• [Exercise input]:
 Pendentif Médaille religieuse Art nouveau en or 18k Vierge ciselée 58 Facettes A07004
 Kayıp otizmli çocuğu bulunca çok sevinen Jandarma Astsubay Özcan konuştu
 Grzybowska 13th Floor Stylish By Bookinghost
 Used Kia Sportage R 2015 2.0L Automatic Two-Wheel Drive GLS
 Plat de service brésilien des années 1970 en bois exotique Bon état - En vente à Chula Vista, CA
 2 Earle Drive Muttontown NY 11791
==
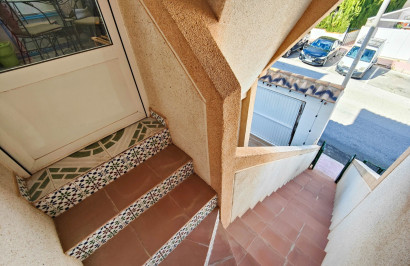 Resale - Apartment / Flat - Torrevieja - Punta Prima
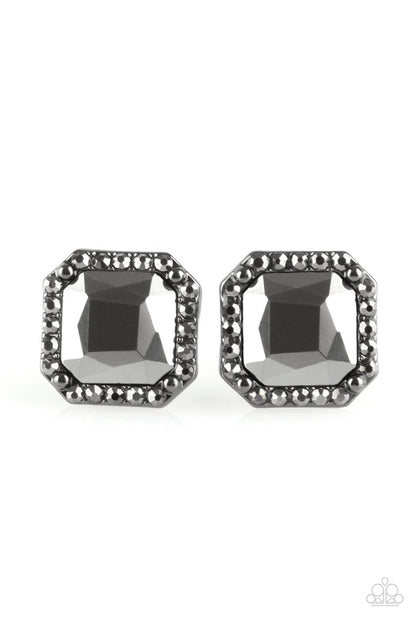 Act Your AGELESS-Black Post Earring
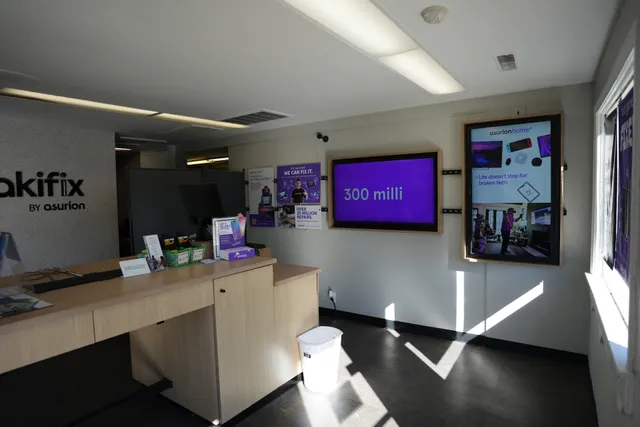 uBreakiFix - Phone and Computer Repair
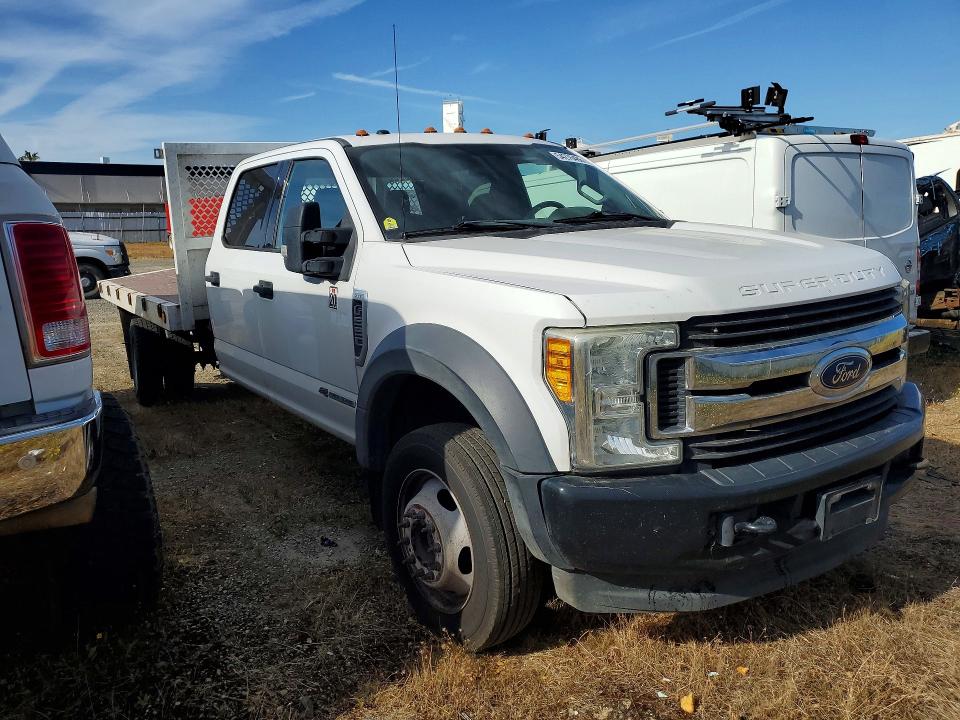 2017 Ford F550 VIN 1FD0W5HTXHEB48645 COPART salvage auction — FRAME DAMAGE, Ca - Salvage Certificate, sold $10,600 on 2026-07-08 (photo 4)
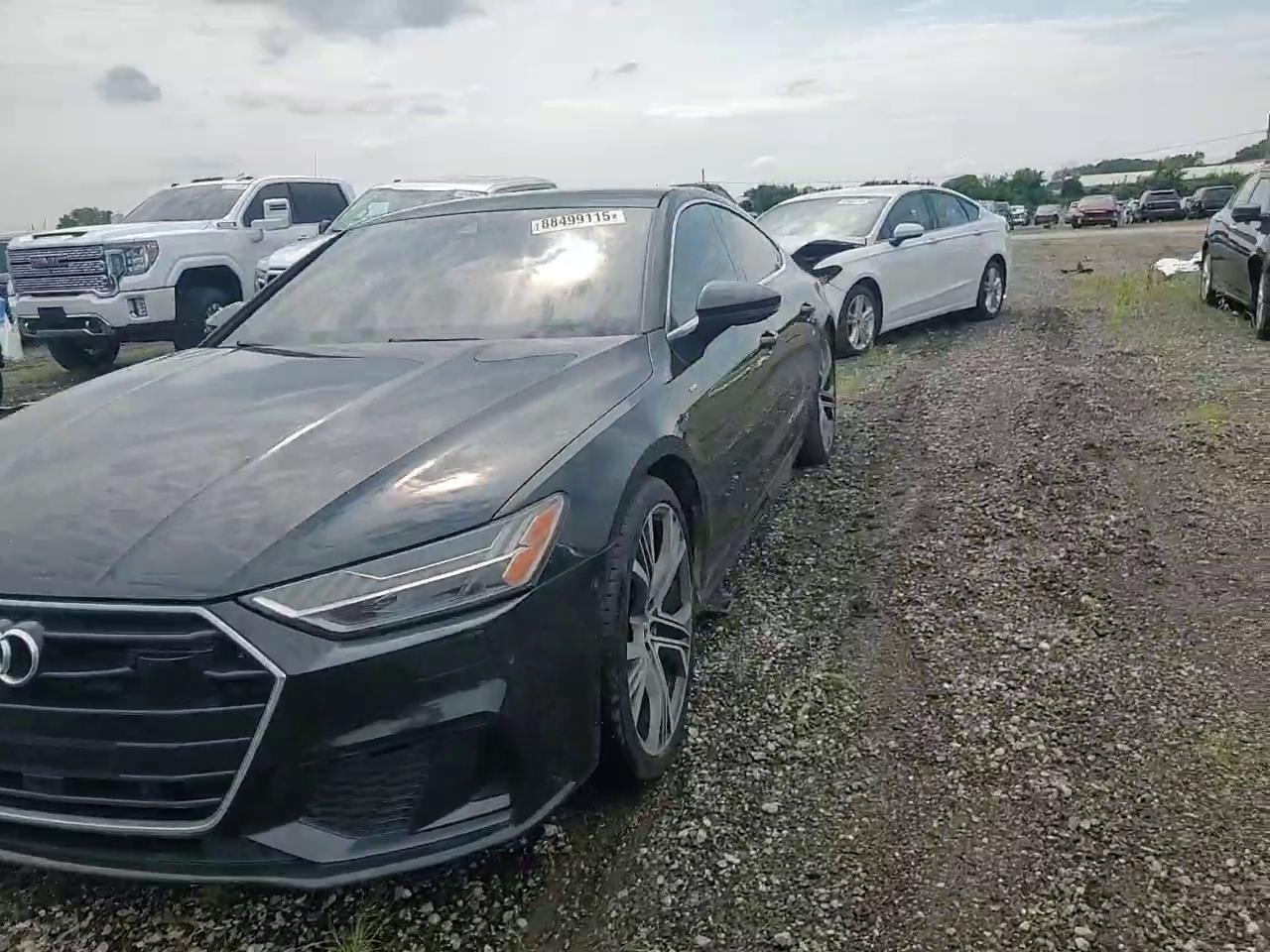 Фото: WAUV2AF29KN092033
--
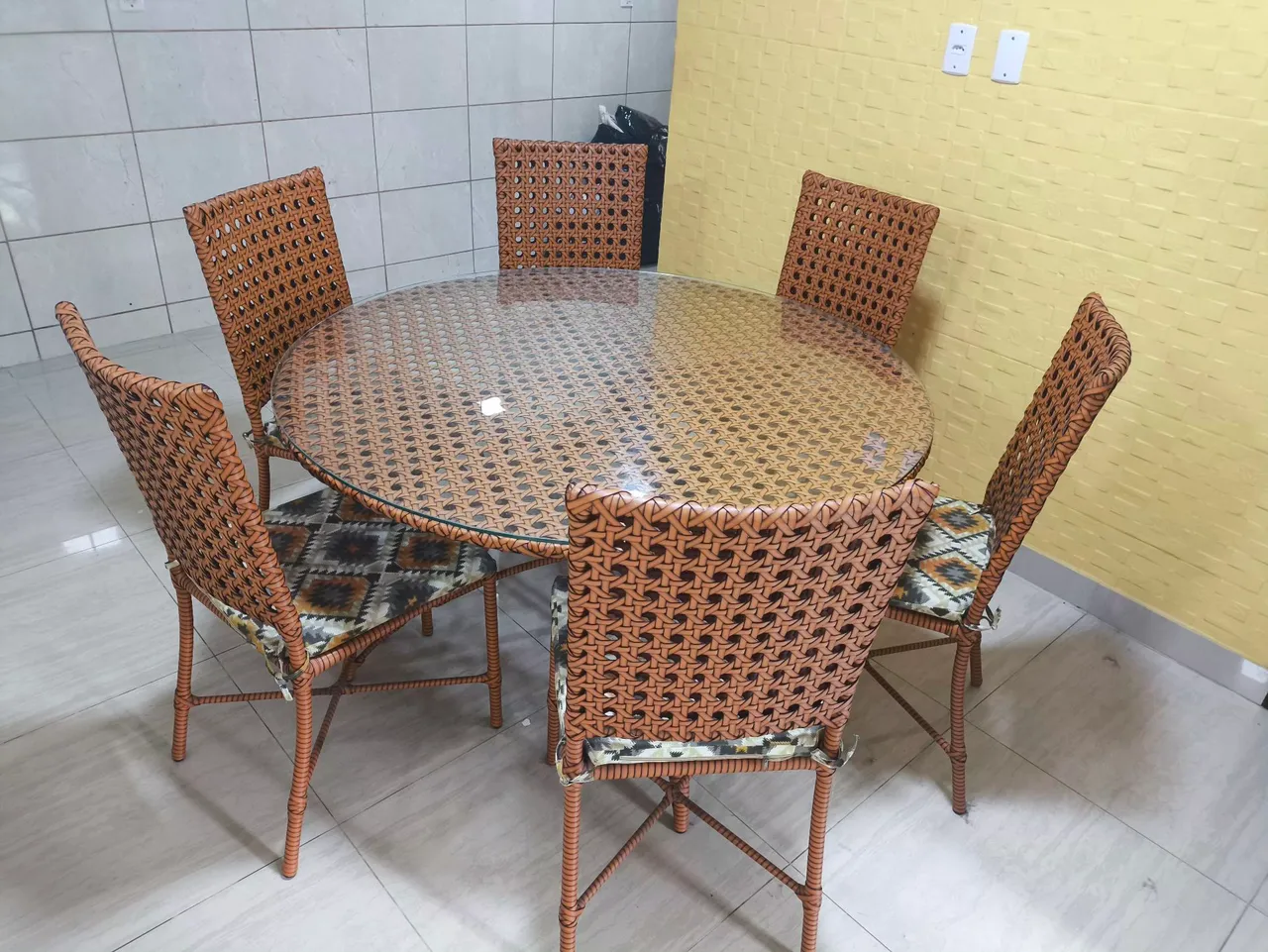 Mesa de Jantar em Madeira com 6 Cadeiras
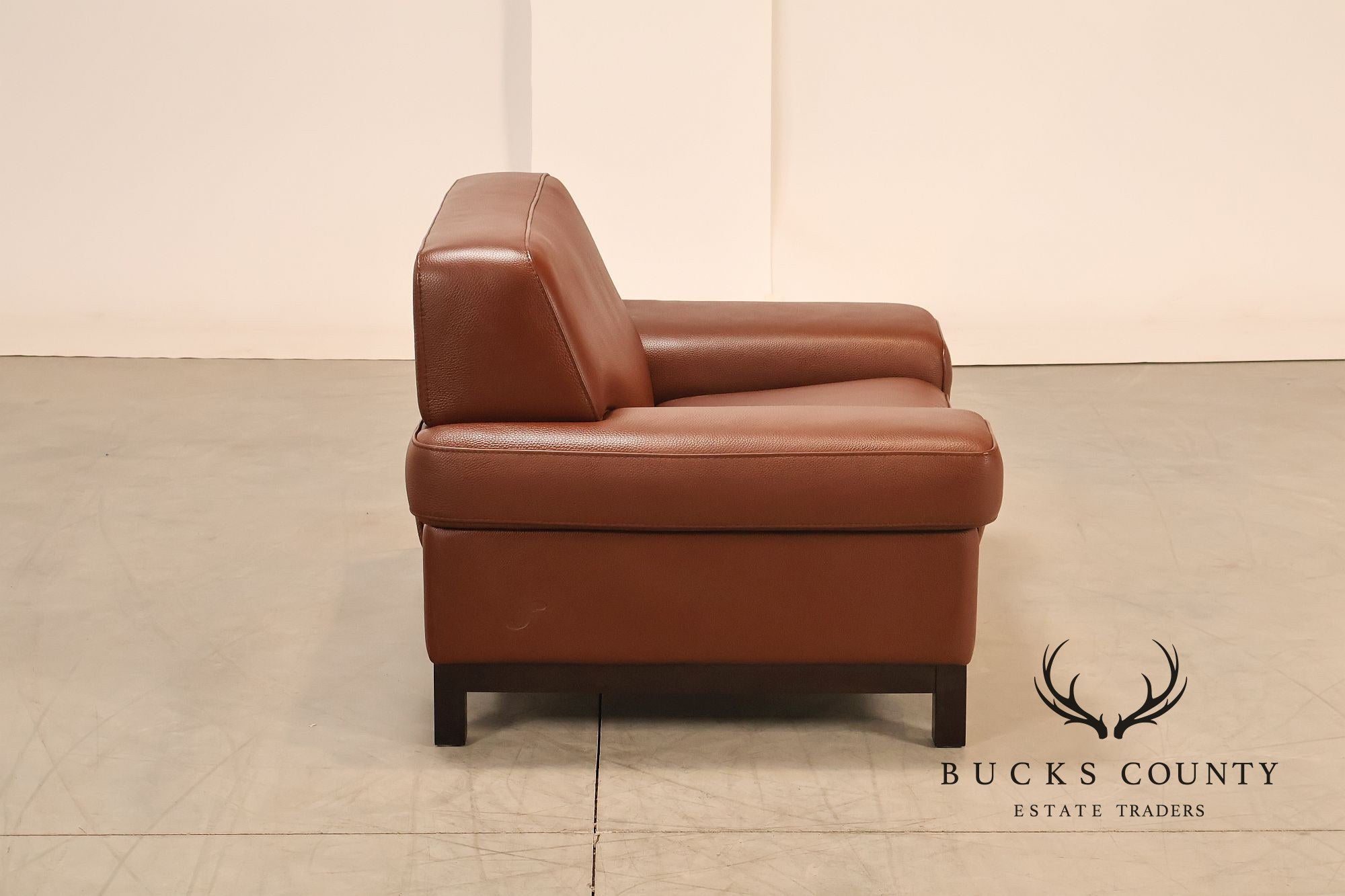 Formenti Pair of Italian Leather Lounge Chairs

• [Exercise details]: From the listing above, repeat exactly the lines starting at the line that includes "Pendentif Médaille religieuse" and ending at the line that includes "2 Earle Drive Muttontown NY 11791", with nothing outside that span.

• [Result]:
 Pendentif Médaille religieuse Art nouveau en or 18k Vierge ciselée 58 Facettes A07004
 Kayıp otizmli çocuğu bulunca çok sevinen Jandarma Astsubay Özcan konuştu
 Grzybowska 13th Floor Stylish By Bookinghost
 Used Kia Sportage R 2015 2.0L Automatic Two-Wheel Drive GLS
 Plat de service brésilien des années 1970 en bois exotique Bon état - En vente à Chula Vista, CA
 2 Earle Drive Muttontown NY 11791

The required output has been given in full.